In the course of the occasional day of work that I manage, I take pleasure in talking to people who know things. Smart people, who answer my calls in offices that are cluttered with books and theses and unfinished papers, whose heads are filled with thoughts that could change the world, or at least make it better.
I interview these people, take shorthand notes, and then help in the process of media that will impart this knowledge to the masses.
(Some call this journalism)
This week, I spoke with an academic who has studied the effects of unemployment, psychologically as well as socially.
He talked me through Year One. How the initial stress and nail-biting over bills and mortgages fades into feelings of depression, of failure.
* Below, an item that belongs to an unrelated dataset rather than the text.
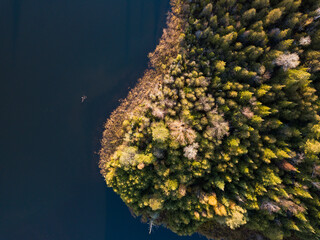 Drone aerial view  a small forest near a lake during autumn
The gradual and growing feeling of becoming invisible.
The back-end of Year One is a watershed, for if Year One becomes Year Two, then the unemployed person is statistically unlikely to ever work again. They are then classed as long-term unemployed. Bye-bye fulfilment, farewell dignity, rest in peace all the hopes and dreams of that fragile human being.
It is not that they are suddenly useless. No, it is because over the months of nothingness, they become the disappointed parent to their own situation; they fill their heads and their sleepless nights with criticisms of how they have let themselves and their families down.
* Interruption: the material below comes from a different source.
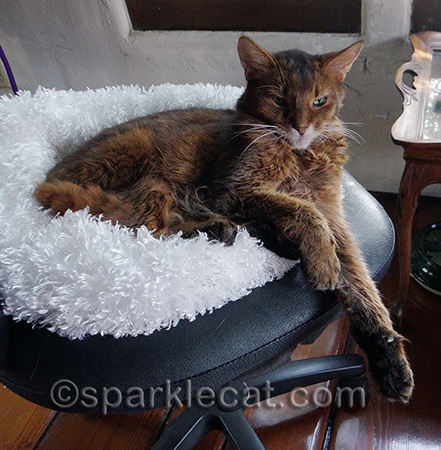 The back paw viewing is closed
Their confidence is an early casualty, they become depressed, they start staying up late and losing the best part of the day to a lethargy that doesn't lift until noon. They falter their way through a calendar's worth of groundhog days, until they sink into dependency, and then, they stay there.
This conversation was of an enormous amount of interest to me, mostly because the feelings described were familiar.
I asked him to differentiate between levels of damage: the impact of being out of work as a result of this blasted recession VS the impact of not working because you are sick.
He told me all his hefty books would say there should be a world of difference. Being able-bodied and idle should have worse consequences than being unwell and unproductive.
On those weeks when I’m not working, I panic and I give out to myself. I feel like I am wasting my time and wasting what talents I have, though for 29 years, I have struggled to really pinpoint what those talents are.
I can’t give myself a break, and I can’t forgive myself for countless days of contributing nothing, achieving nothing, earning nothing.
The funny thing is, those who know me have made a running joke of my laid-back nature, and my default setting that has always been set to a preference of snoozing or lounging.
It is true my work ethic has improved greatly with illness.
But they paved Paradise and put up a parking lot, and you don’t know what you got, nor what you can be, until it’s gone.